Less than one millisecond to tell whether a X+Y+27 puzzle contains a 17 clues puzzle.
If you don't believe it, you can have a look to the next posts

This is a problem we faced trying to see whether we are missing 17 clues puzzles in the 49157 known 17 clues puzzles.

There is no easy way to solve that problem. One feasible partial answer to reduce the problem has been to scan all solutions in a X+Y+27 pattern.

The negative answer for X+Y<8 came quickly. The X+Y=8 case is already much more difficult.

The "best known process" is split in four steps :

a) find ED patterns X+Y+27. This is a relatively short step
b) Generate valid puzzles against "gangsters", the minlex form of band1 possible starts with a given set of 3 digits in each column
c) expand these puzzles to any valid permutation within the columns
d) find in each of these puzzles the valid 17.

we consider here exclusively the last step.
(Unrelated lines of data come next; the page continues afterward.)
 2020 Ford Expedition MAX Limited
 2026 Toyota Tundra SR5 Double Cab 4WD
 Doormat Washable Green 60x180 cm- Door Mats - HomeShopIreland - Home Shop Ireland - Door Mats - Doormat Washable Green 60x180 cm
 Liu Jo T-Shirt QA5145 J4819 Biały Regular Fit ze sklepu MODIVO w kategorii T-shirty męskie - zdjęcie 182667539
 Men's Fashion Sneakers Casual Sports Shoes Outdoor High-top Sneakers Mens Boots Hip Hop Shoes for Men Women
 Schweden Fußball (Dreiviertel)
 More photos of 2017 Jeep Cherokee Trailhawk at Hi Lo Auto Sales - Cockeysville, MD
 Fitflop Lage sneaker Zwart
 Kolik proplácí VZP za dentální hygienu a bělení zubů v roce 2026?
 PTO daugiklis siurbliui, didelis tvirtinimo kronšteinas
To give an idea of the "size", in the 4+4+27 case, we have 13 745 722 puzzles at the end of the step c).

Available programs at that time could find the 17 with a run time leading to a very long d) step, so we tried ("Blue" and me), to use the specificity of that case to have a faster process.

We have been lucky and arrived to a step d) processing the 13 millions puzzles in about half an hour (9500 puzzles per second)

The process applied introduce nearly no new idea, except one, the search of UAs of size 2;3.
The resulting code is very simple and summarize in a nice way some published concepts.

The reader is supposed to have a good understanding of the following :

Unavoidable sets and search of puzzles of size "n" in a solution grid
The oldest reference I know is the gridchecker program reworked by mladen Dobrichev gridchecker

The second and key reference it the work done by the Gary McGuire's team to prove that there is no 16 clues puzzle. Gary McGuire's article

The key concepts described in these references are supposed known by the reader.

[champagne]

The basic process.

We intend here to use more or less the same process as Gary McGuire.

In our case, X+Y=8, so 8 clues are given in bands 2 and 3, and we have to find a set of 9 clues in band 1 to come to a 17 clues puzzle.
If that puzzle is valid, we have a 17 clues solution.

Having 8 given, the first idea would be to generate all unavoidable set using the solution (the puzzle is valid, the solution is unique) and the print given by McGuire (UAs size 12 and less).

That list can be reduced erasing all puzzles hit by the 8 given. As the puzzle is valid, no UA can be found having no cell within the band 1.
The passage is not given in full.